§ **THE RECORDS**

= = = = =

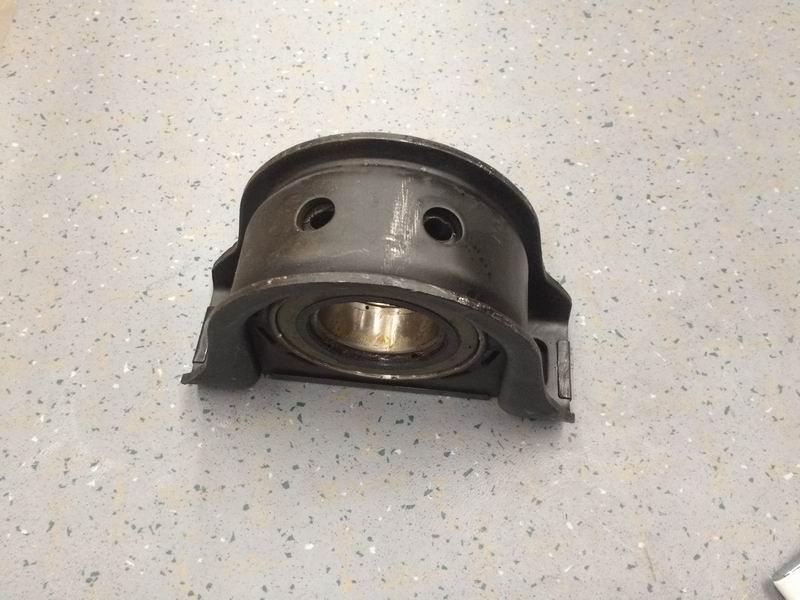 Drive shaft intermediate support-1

= = = = =

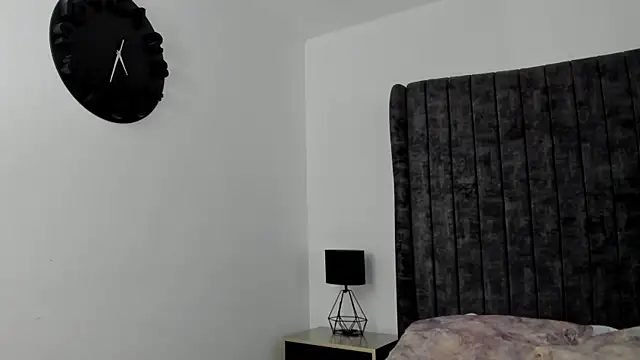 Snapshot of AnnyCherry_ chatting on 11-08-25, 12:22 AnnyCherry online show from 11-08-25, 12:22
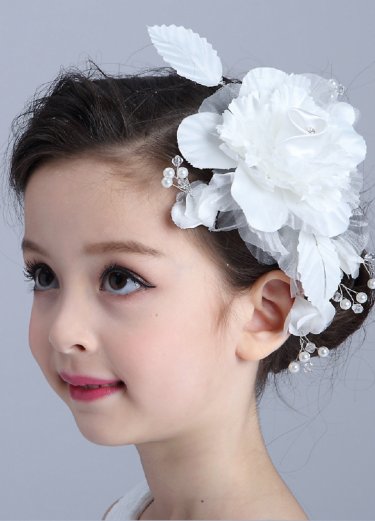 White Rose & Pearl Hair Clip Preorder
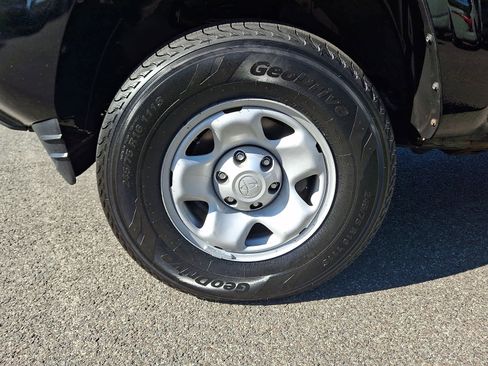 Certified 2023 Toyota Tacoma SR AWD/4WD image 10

= = = = =

§ **PROBLEM DETAILS**
Quote word for word only the lines above from the one containing "White Rose & Pearl Hair Clip Preorder" through the one containing "Certified 2023 Toyota". Pictures stay out of your copy.

§ **SOLUTION FOR THIS TASK**
 White Rose & Pearl Hair Clip Preorder
 Certified 2023 Toyota Tacoma SR AWD/4WD image 10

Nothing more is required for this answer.